In the listing below, start your output at the line with "Thaye Dorje, His" and end it after the line with "Hình ảnh lớp", copying every line exactly.

**** DATASET ****

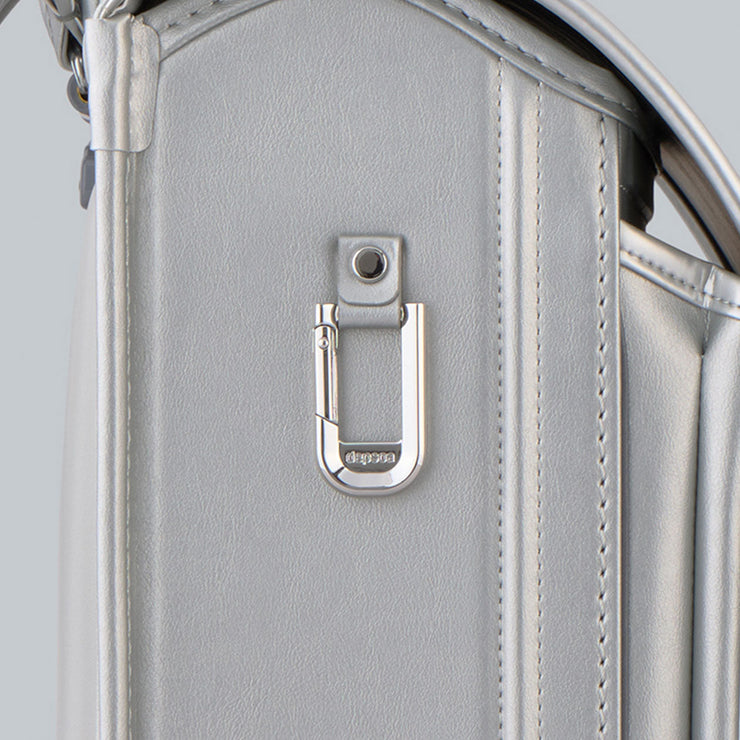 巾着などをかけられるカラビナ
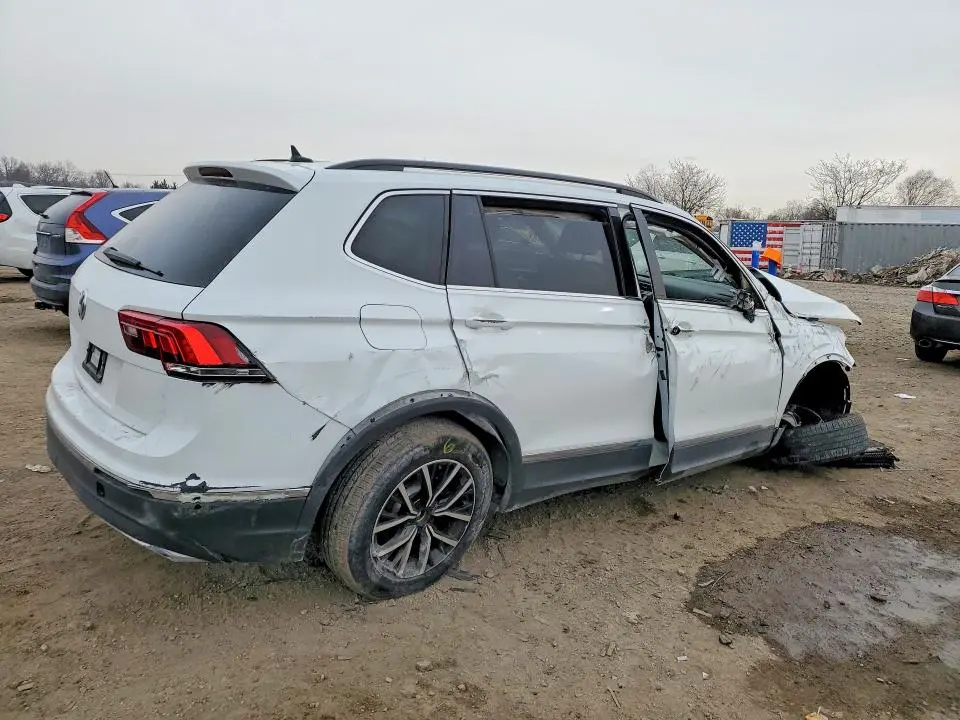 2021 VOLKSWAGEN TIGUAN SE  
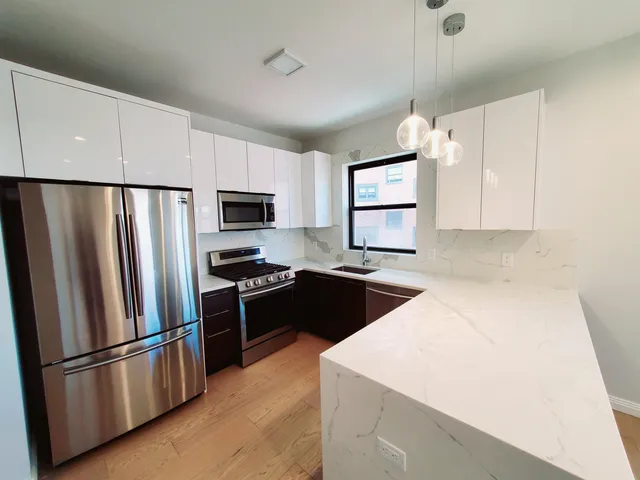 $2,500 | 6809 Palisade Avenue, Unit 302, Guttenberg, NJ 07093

****
**** DATASET ****

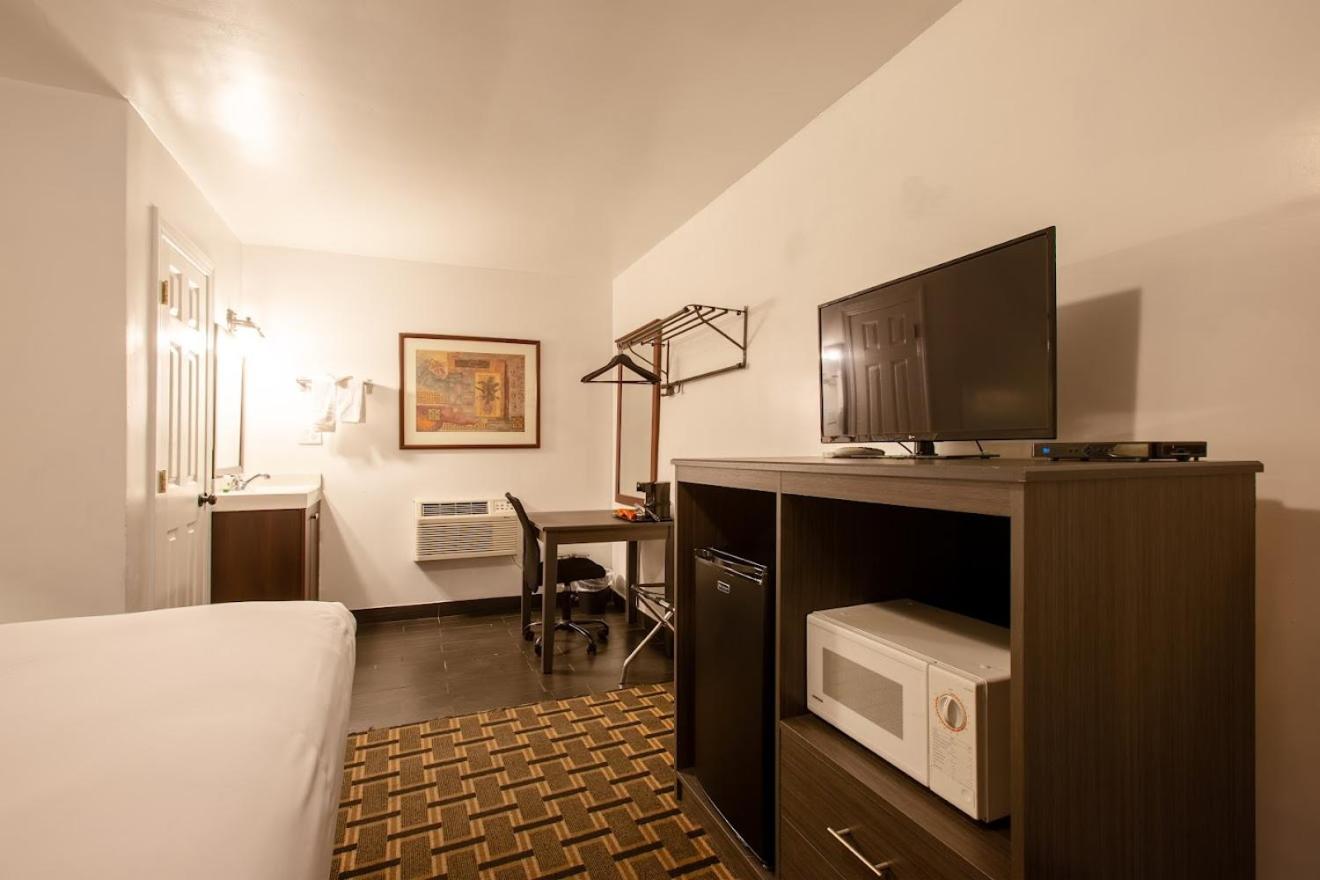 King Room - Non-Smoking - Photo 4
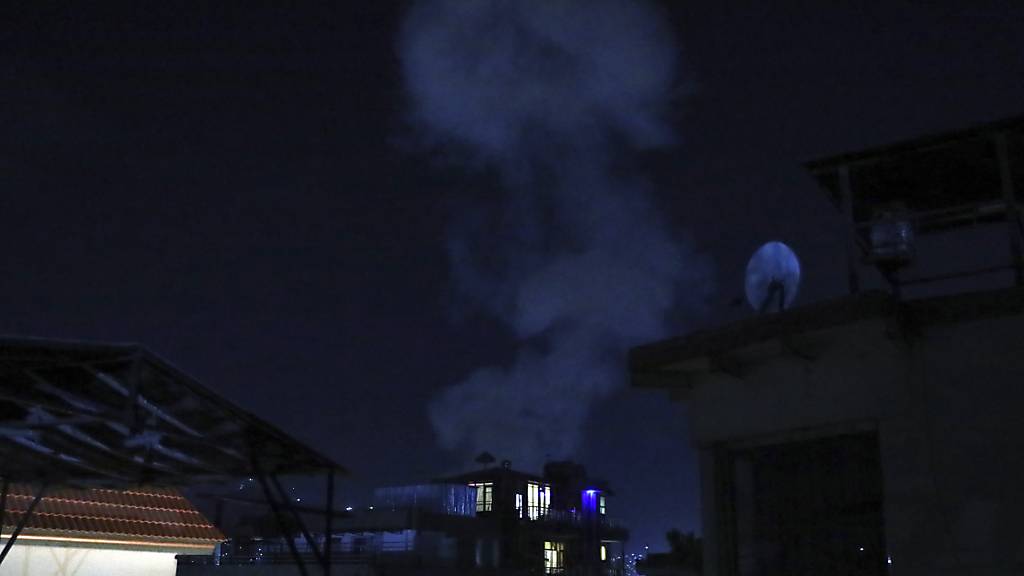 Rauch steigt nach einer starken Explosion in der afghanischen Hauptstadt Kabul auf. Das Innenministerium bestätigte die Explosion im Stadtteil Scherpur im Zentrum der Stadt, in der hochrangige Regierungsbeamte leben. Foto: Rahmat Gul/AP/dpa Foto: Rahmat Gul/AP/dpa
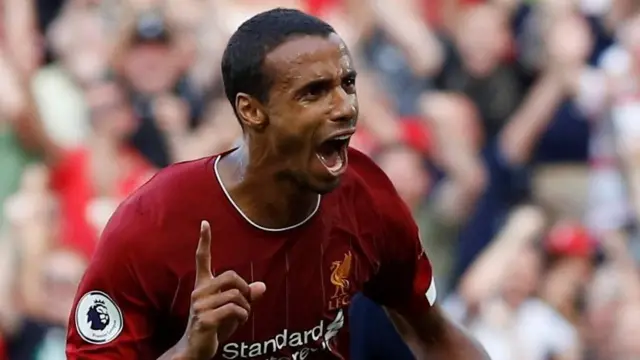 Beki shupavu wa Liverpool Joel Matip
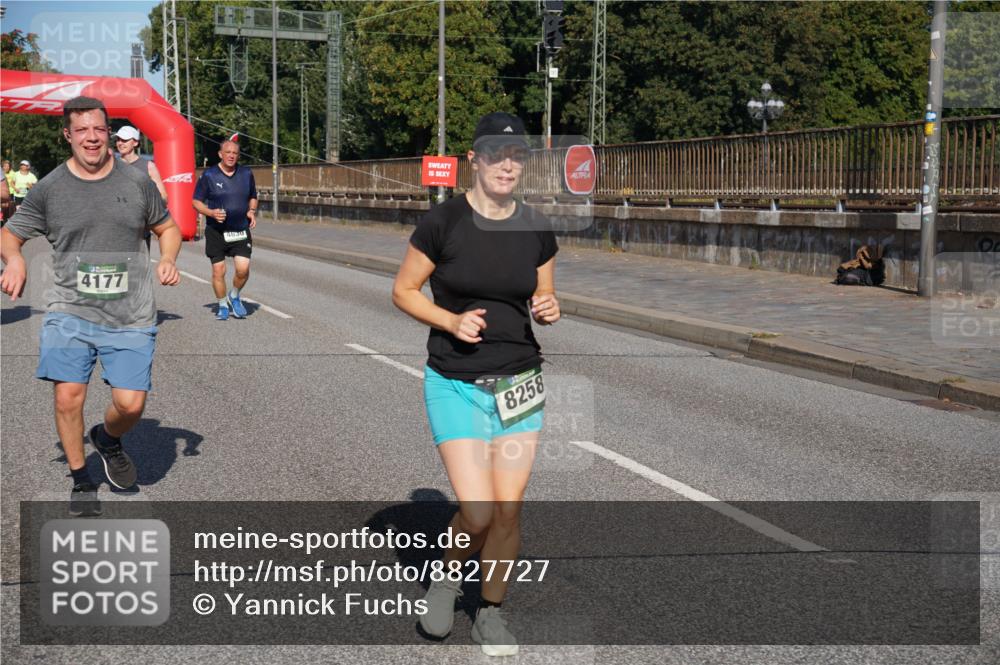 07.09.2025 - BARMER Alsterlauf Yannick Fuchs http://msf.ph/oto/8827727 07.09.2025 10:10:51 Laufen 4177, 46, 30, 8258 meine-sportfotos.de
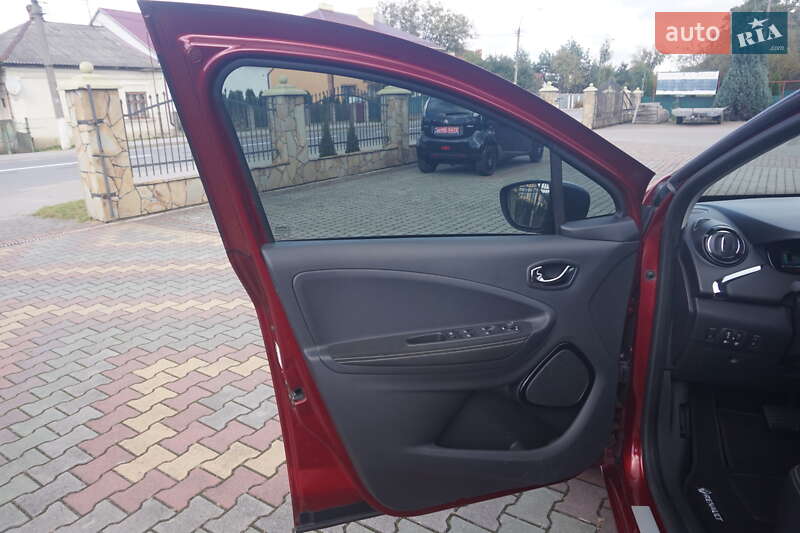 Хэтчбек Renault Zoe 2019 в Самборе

****
**** DATASET ****

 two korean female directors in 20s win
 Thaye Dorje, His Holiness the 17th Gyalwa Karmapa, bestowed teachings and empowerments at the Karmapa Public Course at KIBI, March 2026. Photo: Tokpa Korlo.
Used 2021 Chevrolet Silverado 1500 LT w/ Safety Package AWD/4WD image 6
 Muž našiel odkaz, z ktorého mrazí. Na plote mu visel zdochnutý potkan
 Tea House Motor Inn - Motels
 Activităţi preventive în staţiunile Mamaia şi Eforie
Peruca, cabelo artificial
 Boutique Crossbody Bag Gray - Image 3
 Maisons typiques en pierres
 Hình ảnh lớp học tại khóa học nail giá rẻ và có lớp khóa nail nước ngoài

****

• **ANSWER TO THIS PROBLEM**:
 Thaye Dorje, His Holiness the 17th Gyalwa Karmapa, bestowed teachings and empowerments at the Karmapa Public Course at KIBI, March 2026. Photo: Tokpa Korlo.
Used 2021 Chevrolet Silverado 1500 LT w/ Safety Package AWD/4WD image 6
 Muž našiel odkaz, z ktorého mrazí. Na plote mu visel zdochnutý potkan
 Tea House Motor Inn - Motels
 Activităţi preventive în staţiunile Mamaia şi Eforie
Peruca, cabelo artificial
 Boutique Crossbody Bag Gray - Image 3
 Maisons typiques en pierres
 Hình ảnh lớp học tại khóa học nail giá rẻ và có lớp khóa nail nước ngoài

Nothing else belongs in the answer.